RX Andromedae is a variable star in the constellation of Andromeda. Although it is classified as a dwarf nova of the Z Camelopardalis (UGZ) type, it has shown low-luminosity periods typical of VY Sculptoris stars. However, for most of the time it varies from an apparent visual magnitude of 15.1 at minimum brightness to a magnitude of 10.2 at maximum brightness, with a period of approximately 13 days.

==System==
RX Andromedae is a cataclysmic variable system, where a white dwarf with a mass of 0.8 and an M2 main sequence star are rotating around their center of mass. The main sequence star is overfilling its Roche lobe, so the white dwarf is stripping away matter from the companion star and accreting it through an accretion disk.

==Variability==
In 1904, English amateur astronomer Arthur Stanley Williams discovered RX Amdromedae, and he observed it visually (with a 6.5 inch reflector) from late 1904 until early 1905. He initially believed it to be a Cepheid variable, but after examining images of the star on photographic plates dating back to late 1899, he concluded it was a U Geminorum variable. He published its variable star designation in 1906.

Like the Z Camelopardalis variables, RX Andromedae shows some periods of roughly constant luminosity and others where its brightness oscillates between a magnitude of 10.2 at its maximum and one of 15.1 at its minimum.

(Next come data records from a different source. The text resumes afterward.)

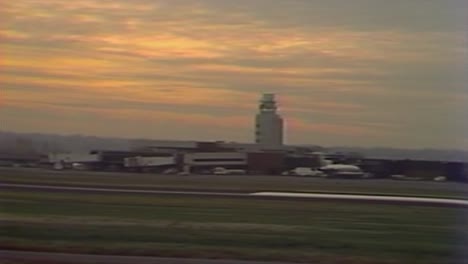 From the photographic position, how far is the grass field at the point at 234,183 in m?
5.30

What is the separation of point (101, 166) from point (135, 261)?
47 centimetres

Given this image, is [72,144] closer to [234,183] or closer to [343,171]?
[234,183]

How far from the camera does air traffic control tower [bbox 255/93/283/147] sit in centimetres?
535

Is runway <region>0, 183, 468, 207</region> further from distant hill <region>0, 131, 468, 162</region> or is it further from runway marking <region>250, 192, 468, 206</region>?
distant hill <region>0, 131, 468, 162</region>

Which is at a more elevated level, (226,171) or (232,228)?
(226,171)

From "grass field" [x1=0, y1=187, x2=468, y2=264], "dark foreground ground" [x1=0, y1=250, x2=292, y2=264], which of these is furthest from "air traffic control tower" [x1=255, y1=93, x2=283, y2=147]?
"dark foreground ground" [x1=0, y1=250, x2=292, y2=264]

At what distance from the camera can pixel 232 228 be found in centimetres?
541

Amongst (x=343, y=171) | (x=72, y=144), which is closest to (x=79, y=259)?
(x=72, y=144)

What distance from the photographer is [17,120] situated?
5.60m

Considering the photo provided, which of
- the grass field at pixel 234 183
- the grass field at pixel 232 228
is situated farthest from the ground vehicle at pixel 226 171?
the grass field at pixel 232 228

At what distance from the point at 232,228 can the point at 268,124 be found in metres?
0.49

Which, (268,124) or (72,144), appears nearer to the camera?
(268,124)

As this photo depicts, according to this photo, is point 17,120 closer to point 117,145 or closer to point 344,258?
point 117,145

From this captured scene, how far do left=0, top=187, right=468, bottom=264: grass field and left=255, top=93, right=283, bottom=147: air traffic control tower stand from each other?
0.91 ft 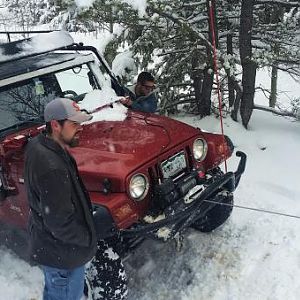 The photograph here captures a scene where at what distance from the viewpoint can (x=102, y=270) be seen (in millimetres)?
3740

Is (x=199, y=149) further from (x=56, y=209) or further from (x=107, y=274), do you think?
(x=56, y=209)

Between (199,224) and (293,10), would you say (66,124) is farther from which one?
(293,10)

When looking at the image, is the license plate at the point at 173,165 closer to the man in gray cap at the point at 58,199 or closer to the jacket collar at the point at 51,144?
the man in gray cap at the point at 58,199

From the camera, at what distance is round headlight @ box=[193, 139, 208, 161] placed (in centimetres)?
445

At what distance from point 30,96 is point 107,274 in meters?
1.95

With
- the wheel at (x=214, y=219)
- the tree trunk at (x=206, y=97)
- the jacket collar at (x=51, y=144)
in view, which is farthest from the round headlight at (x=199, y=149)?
the tree trunk at (x=206, y=97)

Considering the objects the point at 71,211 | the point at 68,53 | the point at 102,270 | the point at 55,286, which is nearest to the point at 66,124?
the point at 71,211

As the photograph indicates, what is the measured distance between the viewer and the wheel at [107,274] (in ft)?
12.3

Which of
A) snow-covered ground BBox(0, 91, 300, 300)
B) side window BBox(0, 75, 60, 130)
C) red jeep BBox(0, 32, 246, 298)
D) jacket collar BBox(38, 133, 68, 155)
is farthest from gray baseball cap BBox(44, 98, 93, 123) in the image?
snow-covered ground BBox(0, 91, 300, 300)

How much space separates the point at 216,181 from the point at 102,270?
1244 mm

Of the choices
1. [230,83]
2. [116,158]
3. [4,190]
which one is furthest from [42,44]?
[230,83]

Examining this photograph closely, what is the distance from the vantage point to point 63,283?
3180 mm

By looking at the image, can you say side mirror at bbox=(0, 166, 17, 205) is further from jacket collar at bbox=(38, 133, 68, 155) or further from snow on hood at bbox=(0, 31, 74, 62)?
jacket collar at bbox=(38, 133, 68, 155)

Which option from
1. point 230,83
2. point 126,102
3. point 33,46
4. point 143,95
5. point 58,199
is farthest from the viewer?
point 230,83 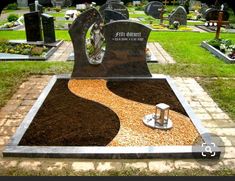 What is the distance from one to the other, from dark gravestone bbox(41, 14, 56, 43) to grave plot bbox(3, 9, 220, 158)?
5.05 meters

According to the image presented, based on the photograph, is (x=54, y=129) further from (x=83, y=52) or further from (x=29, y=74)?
(x=29, y=74)

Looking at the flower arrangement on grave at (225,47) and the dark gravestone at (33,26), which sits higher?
the dark gravestone at (33,26)

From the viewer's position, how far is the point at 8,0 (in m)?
4.91

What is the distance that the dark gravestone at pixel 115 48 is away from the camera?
9.09 m

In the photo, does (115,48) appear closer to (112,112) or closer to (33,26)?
(112,112)

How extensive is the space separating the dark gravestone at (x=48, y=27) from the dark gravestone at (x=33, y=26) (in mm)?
434

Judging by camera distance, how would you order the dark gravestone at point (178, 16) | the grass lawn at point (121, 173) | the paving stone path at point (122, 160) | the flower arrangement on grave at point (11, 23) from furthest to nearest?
the dark gravestone at point (178, 16)
the flower arrangement on grave at point (11, 23)
the paving stone path at point (122, 160)
the grass lawn at point (121, 173)

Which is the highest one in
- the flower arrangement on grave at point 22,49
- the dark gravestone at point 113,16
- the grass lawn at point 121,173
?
the dark gravestone at point 113,16

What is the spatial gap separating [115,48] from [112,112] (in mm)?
2874

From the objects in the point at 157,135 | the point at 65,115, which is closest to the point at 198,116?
the point at 157,135

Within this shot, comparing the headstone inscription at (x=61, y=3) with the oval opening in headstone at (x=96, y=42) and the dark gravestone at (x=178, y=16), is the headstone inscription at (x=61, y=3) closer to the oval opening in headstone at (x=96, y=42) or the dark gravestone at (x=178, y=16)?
the dark gravestone at (x=178, y=16)

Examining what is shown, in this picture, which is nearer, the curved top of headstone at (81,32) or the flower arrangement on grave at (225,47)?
the curved top of headstone at (81,32)

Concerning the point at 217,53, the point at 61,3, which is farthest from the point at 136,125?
the point at 61,3

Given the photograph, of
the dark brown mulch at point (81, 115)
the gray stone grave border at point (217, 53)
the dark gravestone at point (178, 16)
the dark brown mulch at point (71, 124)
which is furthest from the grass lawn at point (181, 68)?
the dark gravestone at point (178, 16) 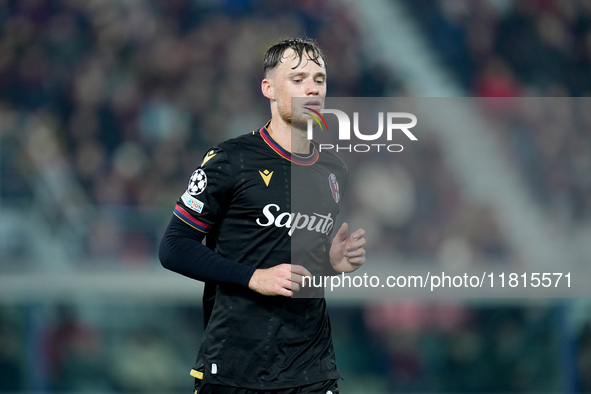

However, between 1996 and 1997 it was stuck at its minimum brightness like cataclysmic variables of VY Sculptoris type, before going back to the usual behaviour. This places RX Andromedae in a transitional state between those two kind of objects. The white dwarf and its accretion disk seems to be entirely responsible for this variability, and it's driven by changes in the accretion rate of the white dwarf.

==Spectrum==
RX Andromedae has been extensively studied in optical and ultraviolet. It's also one of the few dwarf nova systems that have been detected at radio wavelengths.